- What you will do:
Apart from the pictures, everything in the lines below must be printed exactly.

- Supplied data:
▶
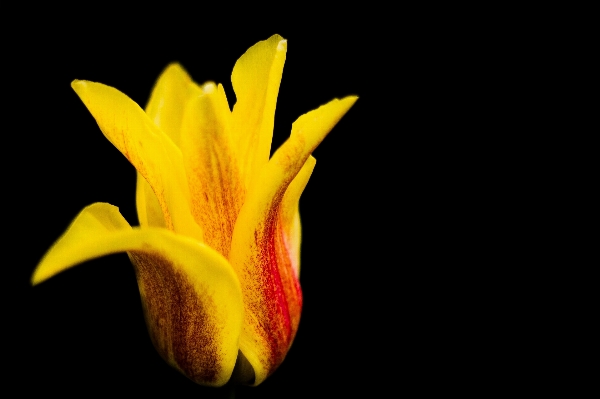 Blossom plant photography leaf Photo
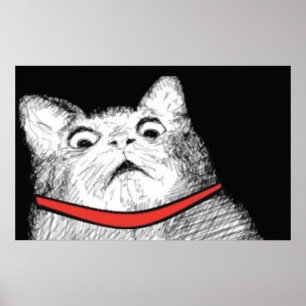 Förvånad kattflämtning Meme - affisch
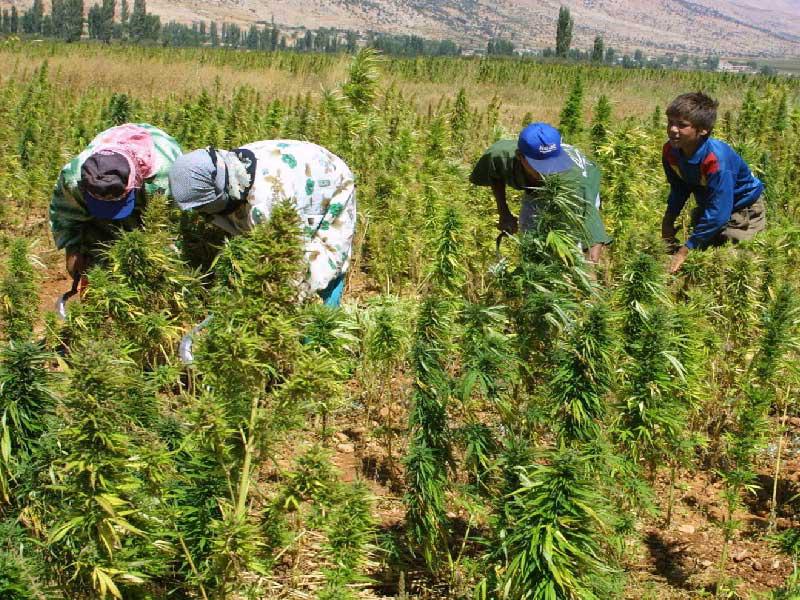 أحد المزارع في مدينة بعلبك اللبنانية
◀
- Your response:
 Blossom plant photography leaf Photo
 Förvånad kattflämtning Meme - affisch
 أحد المزارع في مدينة بعلبك اللبنانية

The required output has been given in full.